# Lucid Dreaming > Attaining Lucidity > Lucid Aids >  >  Silene capensis anyone had success???

## SLiCeR

Hey guys this is my first post here sorry if its in the wrong place or this question has been asked before but i did a search and all the posts i found had no real results in the end and they looked like they where dated back in 08 anyway i would just like to start by introducing myself

Hey I'm SLiCeR and i just recently joined because i have been very interested in Lucid dreaming for a while now and just ordered  Exploring the World of Lucid Dreaming: Stephen Laberge and also have a few vials of Silene Capensis root powder would like to hear if anyone has had good success with this plant ?
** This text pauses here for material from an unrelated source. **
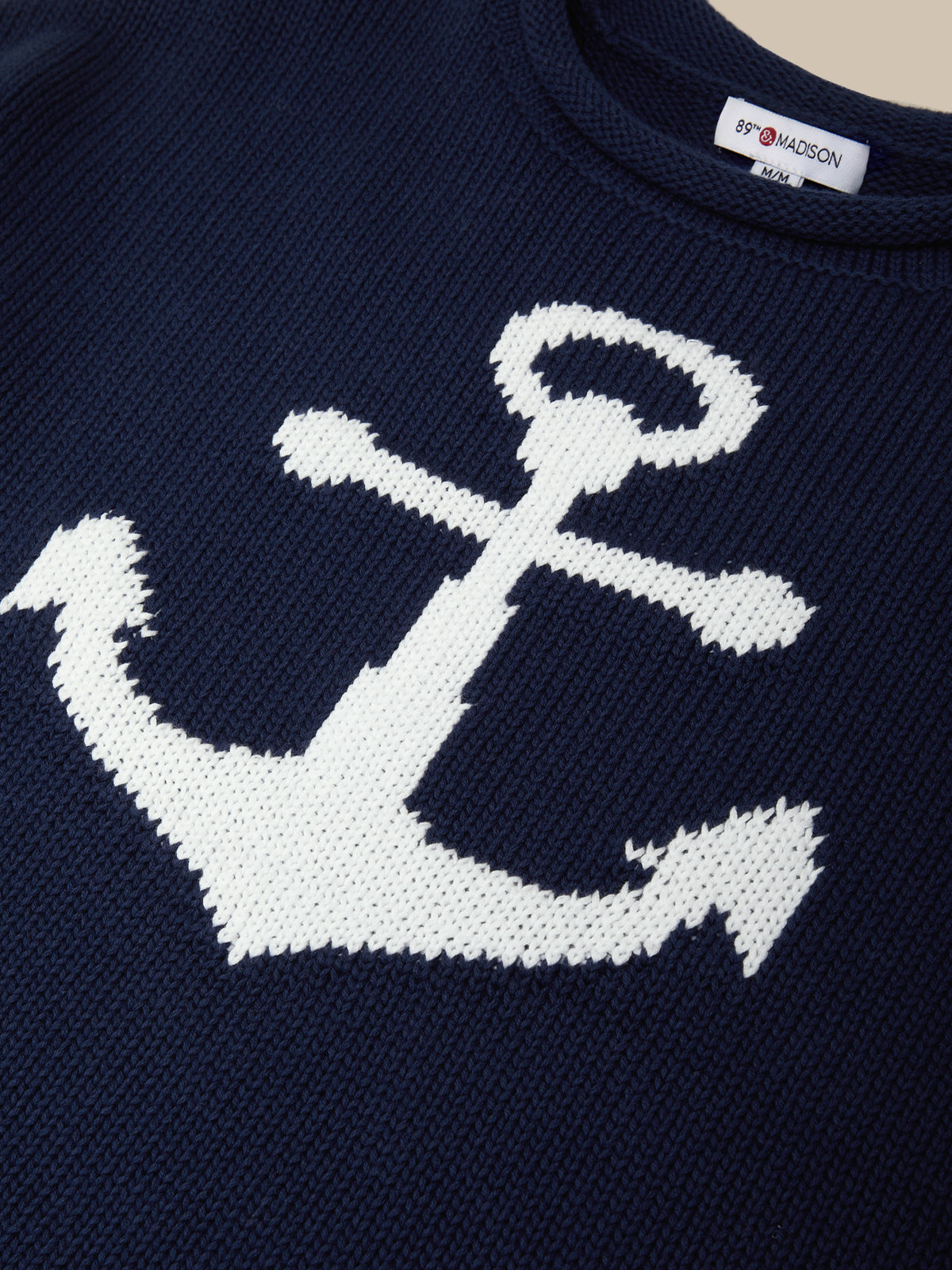 Navy sweater with a large white anchor design on a navy background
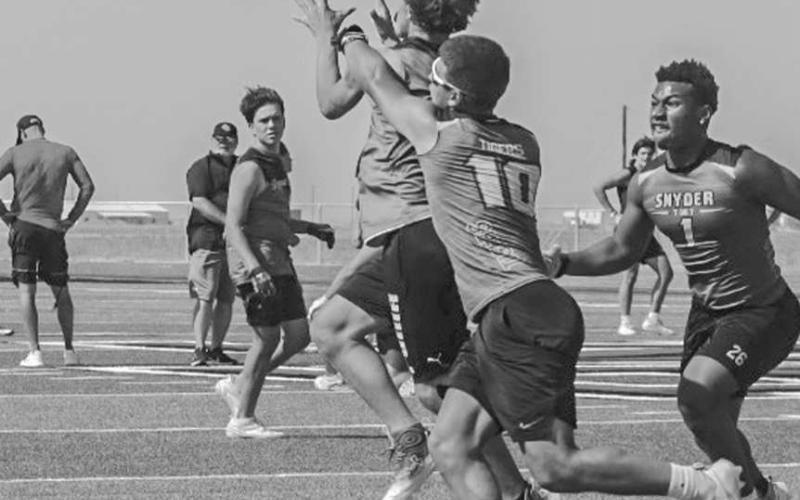 CONTESTED CATCH - Ropes Eagle Malikai Mendez made the tough catch in traffic during the team’s 7 on 7 game in New Home against the Snyder Tigers this past Monday. (Staff photo by Aalijah Soliz)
Also i found this thread which had a good tek for taking this stuff here is the tek copied from thread which i will post the link to here: http://www.dreamviews.com/community/...ad.php?t=67642 

Just one question anyone know if your just supposed to choose one method or do you have to do both methods at night and in the morning?





> African Dream Root, Silene capensis (Ubulawu)
> 
> Possibly more effective than the better known Dream herb Calea zacatechichi, this is the first time that this unique and rare ethnobotanical is offered for sale and made available outside of Africa. Normally only the seeds are available but we have finally managed to locate a supply of the actual root which is used by African shamans for accessing the dream state.
> 
> This sacred plant which shamans of the verdant river valleys of the eastern cape province of South Africa has the ability to induce remarkably vivid dreams. A web site describes this plant:
> 
> "This obscure flowering species is regarded by shamans of the South African region as a type of "Ubulawu" or medicinal root that they call "Undela Ziimhlophe," which translates literally as "white paths" or white ways." It is suspected that this sacred plant's oneirongenic, or dream-inducing activity is likely due to triterpenoid saponins contained within its roots. Relatively small amounts of root (250 mg range) are reported to be active. The plant exerts only minimal alterations in waking consciousness, yet the effects upon the dream state can be profound.
> 
> How to prepare Silene capensis (Ubulawu)
> ...



Note: Don't worry i have taken other ethnobotanicals before

----------


## SLiCeR

Really no one even tried this stuff before can't even get any bad feeback? anything is good

----------


## evildoctor

Thank You - this is the first time I have heard of this African Dream Herb. After I googled it I found a whole batch of different dream herbs.


I have used Mugwort with great success - and was going to try wormwood also. I was also planning on buying some Calea. I will now order some of this African stuff tonight and seee what happens.

Im wondering if through experimentation with blending some of these different substances you can come up with something really powerful.

----------


## SLiCeR

MMM sounds interesting sounds like an experiment wants to be executed here

----------


## DrTechnical

I have used this many times. I think it is a wonderful dream inducer. I don't think it has tremendous value as a lucid aid.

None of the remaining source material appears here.